## ASSIGNMENT
Your task is to copy the stretch of lines in the records below that begins with the line containing "Cámara réflex digital" and ends with the line containing "Abba Views Apartman London", exactly as written, with nothing added.

###

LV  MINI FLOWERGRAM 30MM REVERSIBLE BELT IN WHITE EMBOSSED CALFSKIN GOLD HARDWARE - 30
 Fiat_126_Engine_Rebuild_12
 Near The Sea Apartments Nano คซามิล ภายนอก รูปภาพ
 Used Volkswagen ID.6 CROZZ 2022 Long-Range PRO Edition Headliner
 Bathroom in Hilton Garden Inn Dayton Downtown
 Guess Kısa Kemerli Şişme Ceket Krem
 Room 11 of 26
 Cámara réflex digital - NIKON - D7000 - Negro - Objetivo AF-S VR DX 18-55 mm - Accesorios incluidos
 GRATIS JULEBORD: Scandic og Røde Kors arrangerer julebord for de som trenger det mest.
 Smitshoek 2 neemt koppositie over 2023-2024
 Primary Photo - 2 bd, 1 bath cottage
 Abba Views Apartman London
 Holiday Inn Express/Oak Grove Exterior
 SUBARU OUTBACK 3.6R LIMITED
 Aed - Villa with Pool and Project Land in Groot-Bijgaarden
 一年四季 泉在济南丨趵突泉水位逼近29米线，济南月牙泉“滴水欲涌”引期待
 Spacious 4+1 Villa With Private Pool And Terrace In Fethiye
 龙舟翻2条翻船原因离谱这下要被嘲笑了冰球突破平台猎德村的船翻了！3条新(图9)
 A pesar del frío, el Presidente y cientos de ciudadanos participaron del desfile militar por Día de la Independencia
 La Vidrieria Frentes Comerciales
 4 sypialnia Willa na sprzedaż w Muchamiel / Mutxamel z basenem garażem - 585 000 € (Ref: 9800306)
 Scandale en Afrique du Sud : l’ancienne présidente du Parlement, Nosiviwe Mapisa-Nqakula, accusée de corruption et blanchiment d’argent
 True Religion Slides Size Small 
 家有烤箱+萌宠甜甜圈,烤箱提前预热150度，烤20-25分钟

###

## WRITTEN RESPONSE
 Cámara réflex digital - NIKON - D7000 - Negro - Objetivo AF-S VR DX 18-55 mm - Accesorios incluidos
 GRATIS JULEBORD: Scandic og Røde Kors arrangerer julebord for de som trenger det mest.
 Smitshoek 2 neemt koppositie over 2023-2024
 Primary Photo - 2 bd, 1 bath cottage
 Abba Views Apartman London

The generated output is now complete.